Bats have such an extraordinary sense of acoustic perception that they can pinpoint something as small as a mosquito using echolocation. They use sound waves to perceive the shape, size, and texture of objects, and to calculate their three-dimensional location.
Considering that bats have such a superior sense of detecting objects, why do they often collide with walls? A team of scientists at Tel Aviv University (TAU) has found that these collisions do not result from a sensory limitation but rather from an error in acoustic perception.
The TAU researchers released dozens of bats in a corridor blocked by objects of different sizes and made of different materials. The experts were surprised to see that the bats collided with large sponge walls.
“We flew bats down a corridor blocked by objects with different intensity-aperture combinations. To our surprise, bats crashed straight into large walls with weak echo intensity as if they did not exist,” wrote the researchers.

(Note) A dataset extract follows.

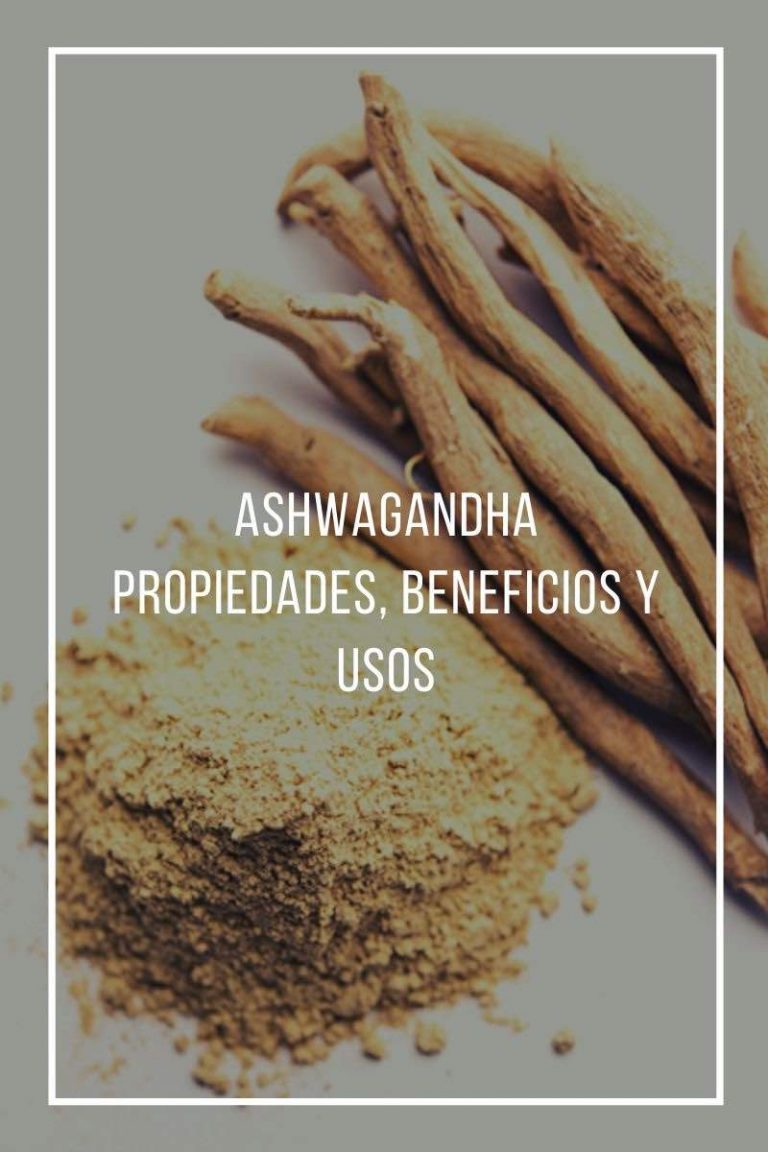 Ginseng Indio El Angel De Tu Salud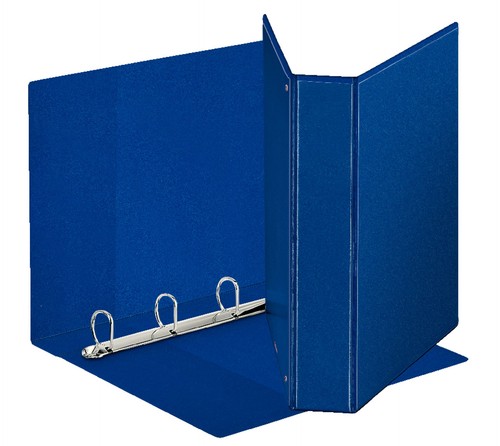 Esselte raccoglitore display - esselte,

“The echolocation behavior of the bats indicated that they did detect the wall, suggesting that crashing was not a result of limited sensory sensitivity, but of a perceptual deficit.”
The experts referred to the cause of the collisions as acoustic misperception. The team speculates that the misperception occurs due to the unexpected combination of a large object and a weak echo. This disrupts the bats’ sensory perception and causes them to ignore the obstacle, similar to how people run into transparent walls.
The researchers concluded that the bats’ acoustic perception depends on a typical correlation of the dimensions with objects in nature – a large object should produce a strong echo and a small object a weak echo.
“By presenting the bats with objects whose acoustic dimensions are not coherent, we were able to mislead them, creating a misconception that caused them to repeatedly try to fly into a wall even though they had identified it with their sonar,” said Dr. Danilovich. “The experiment gives us a peek into how the world is perceived by these creatures, whose senses are so unique and different from ours.”
The study is published in the journal PNAS.